Papa'nın ölümü ilan edildikten sonra, 80 yaşın altında olan 120 kardinal, Vatikan'a gelir. Conclave adı verilen konsey, özel bir ayinle başlar. Kardinaller, Sistine Şapeli'nde dualar ederek yeni Papa seçmelerine yardım etmeleri için azizlere ve Kutsal Ruh'a yalvarır. Her kardinal, elini bir İncil'in üzerine koyarak konseyin ayrıntılarını asla açıklamayacağına dair söz verir.
Şapel, dış dünya ile iletişimi keserek, kardinallerin yalnızca kendi aralarında iletişim kurmasına olanak tanır. Bu süreçte, kardinallerin bilgi sızdırmaları durumunda Kilise'den aforoz edilmeleri söz konusudur. Adayların erkek ve vaftiz edilmiş bir Katolik olması gerekmektedir. Çoğu Papa, seçilmeden önce kardinal olmuştur.

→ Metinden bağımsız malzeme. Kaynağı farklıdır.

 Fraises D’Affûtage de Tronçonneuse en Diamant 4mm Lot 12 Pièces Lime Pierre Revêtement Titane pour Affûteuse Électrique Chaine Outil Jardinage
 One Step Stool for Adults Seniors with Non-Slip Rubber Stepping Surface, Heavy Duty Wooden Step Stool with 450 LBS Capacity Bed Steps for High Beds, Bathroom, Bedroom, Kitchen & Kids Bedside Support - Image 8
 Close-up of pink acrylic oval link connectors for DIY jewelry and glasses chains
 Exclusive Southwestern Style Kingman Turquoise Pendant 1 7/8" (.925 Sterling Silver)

Oylama süreci, her kardinalin kendi seçtiği ismi Latince yazılı bir kağıda yazmasıyla başlar. Oy pusulaları, yuvarlak bir tabağın üzerine yerleştirilir ve oval gümüş-altın bir küpün içine kaydırılır. Oylar kullanıldıktan sonra, denetçiler oy pusulalarını açar ve sonuçları kaydeder. Her bir oy pusulası, Latince 'eligo' kelimesinin içinden bir iğne ile delinir ve iplikle bağlanır.

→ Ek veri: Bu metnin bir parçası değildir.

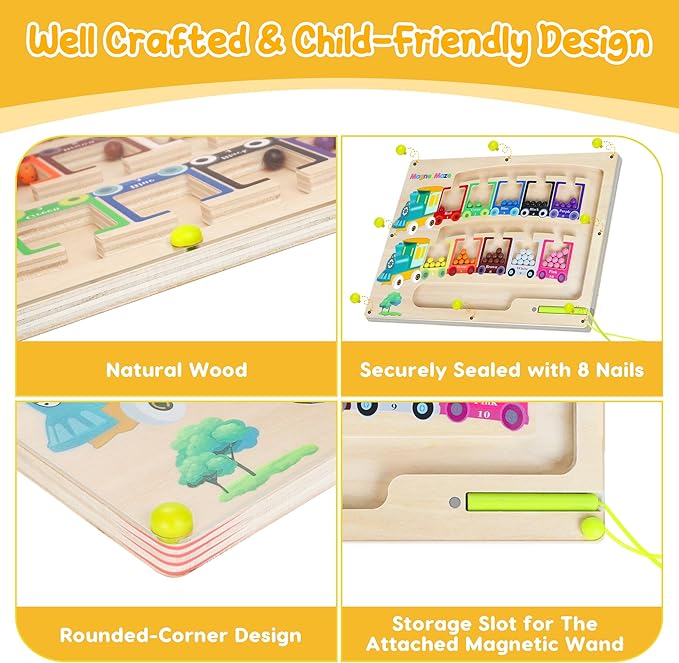 Magnetic Color & Number Maze Montessori Wooden Magnet Puzzle Game Board Montessori Color Matching Learning Counting Puzzle Board Toddler Fine Motor Skills Toys Gift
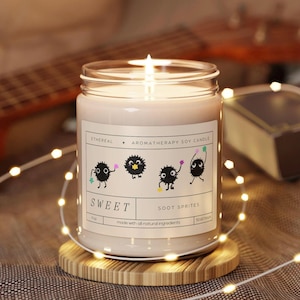 Soot Sprite Soy Candle, Studio Ghibli Anime Gift, Aromatherapy image 1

Oylama sonucunda beyaz ya da siyah duman çıkması, yeni Papa'nın seçilip seçilmediğini gösterir. İlk günde yalnızca bir oylama yapılır ve sonraki günlerde en fazla dört tur oylama yapılabilir. Kazanmak için üçte iki çoğunluk gereklidir. Eğer bu çoğunluk sağlanamazsa, oylama bir gün ara verilir ve süreç devam eder.

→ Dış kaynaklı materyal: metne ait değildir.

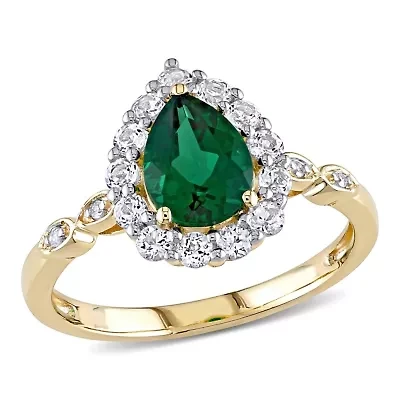 Lab Created Emeraldand White Topaz with Diamond Accent Teardrop Halo Ring 10K Yellow Gold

Geçmişte, konseyler aylarca sürebiliyordu. En uzun konsey, 13. yüzyılda X. Gregory'nin seçildiği konsey olup, 1268'den 1271'e kadar sürmüştür. Bu süreçte, kardinallerin tecrit edilmesi ve kilitlenmesi gibi yeni kurallar getirilmiştir. Günümüzde ise konseyler genellikle sadece günler veya haftalar sürmektedir.
20. yüzyılda ortalama konsey süresi üç gün olarak kaydedilmiştir. 21. yüzyılda ise, Papa Francis ve Benedict için yapılan konseyler sırasıyla sadece beş ve dört oylama sürmüştür. Bu durum, seçim süreçlerinin hızlandığını göstermektedir.
Yeni Papa seçildikten sonra, Kardinaller Meclisi'nin dekanı, kazanan kişiye kanonik olarak seçilmesini kabul edip etmediğini sorar. Kardinalin kabul etmesi durumunda, hangi isimle anılmak istediği sorulur. Papalık isimleri, genellikle önceki Papalara bir saygı duruşu olarak seçilmektedir.
Ayin törenlerinin ardından, Sistine Şapeli'nin bacasından beyaz duman çıkar ve Aziz Petrus Bazilikası'nın çanları çalmaya başlar. Yeni Papa, halkın önüne çıkmadan önce dua eder ve ardından 'Habemus papam!' (Bir papamız var!) anonsu yapılır. Bu anons, yeni Papa'nın halka tanıtılması için önemlidir.
Mevcut Papa hayattayken bir sonraki Papa'nın kim olabileceğine dair spekülasyonlar, Katolik yorumcular arasında tartışma konusu olmaktadır. Ancak, potansiyel Papa adayları arasında öne çıkan isimler bulunmaktadır. İlk aday, İtalyan Kardinal Pietro Parolin'dir. 70 yaşındaki Parolin, Papa Francis'in dışişleri bakanı olarak görev yapmıştır.
Diğer adaylar arasında Filipinli Kardinal Luis Antonio Tagle ve Gana'dan Kardinal Peter Turkson da bulunmaktadır. Tagle, karizmatik ve neşeli bir kişilik olarak tanınırken, Turkson ise sosyal adalet konularındaki liberal görüşleri ile dikkat çekmektedir. Ayrıca, Macar Kardinal Péter Erdő ve Ukraynalı Kardinal Mykola Bychok da potansiyel adaylar arasında yer almaktadır.